A definition for spam

By September 28, 2008 June 17th, 2017 Blog

According to Wikipedia, e-mail spam is defined as follows:

“E-mail spam, also known as unsolicited bulk Email (UBE) or unsolicited commercial email (UCE), is the practice of sending unwanted e-mail messages, frequently with commercial content, in large quantities to an indiscriminate set of recipients. (http://en.wikipedia.org/wiki/Spam_(electronic)#E-mail_spam)”

This definition is okay, but is overly broad. I would like to propose the “Triangle of Spam” in an effort to more accurately define the problem.

Simply put, for any piece of e-mail to be considered “spam” it must be unsolicited, anonymous, and high volume. If any one (or more) of these characteristics is not met, the e-mail can be considered unwanted, but is not “spam.”

It is important to distinguish between “spam” and simply unwanted e-mail. For example, are “Lowest Fare” updates from United Airlines spam or, in my case, simply unwanted (I never fly United)?

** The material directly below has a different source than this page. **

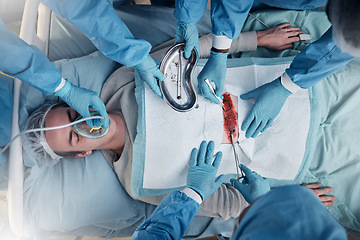 Image showing Doctors, surgery and collaboration with a medicine team in scrubs operating on a man patient in a hospital. Doctor, nurse and teamwork with a medical group in a clinic to perform an operation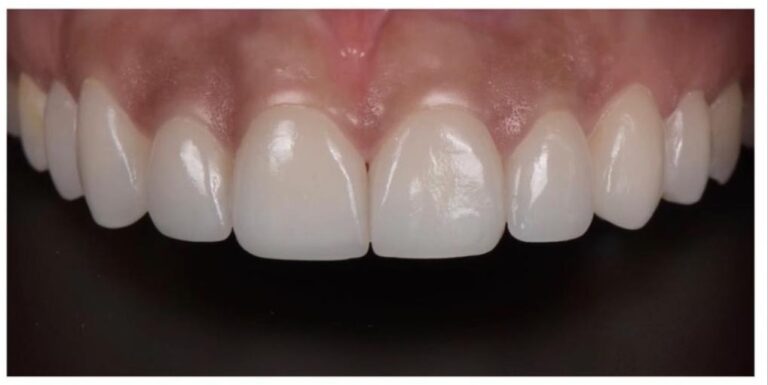 Teeth whitening after treatment at The Smile Makers Dental Clinic, Khar West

While I’m sure I did fly United at some point in the distant past, I certainly do not plan on flying United anytime soon. Technically speaking, United has the right, by virtue of our “previous business relationship,” to send me these updates. However, in my particular case, these are absolutely unwanted e-mails, but they cannot (or should not) be considered spam.

I am very interested to hear what other people think of the “Triangle of Spam.”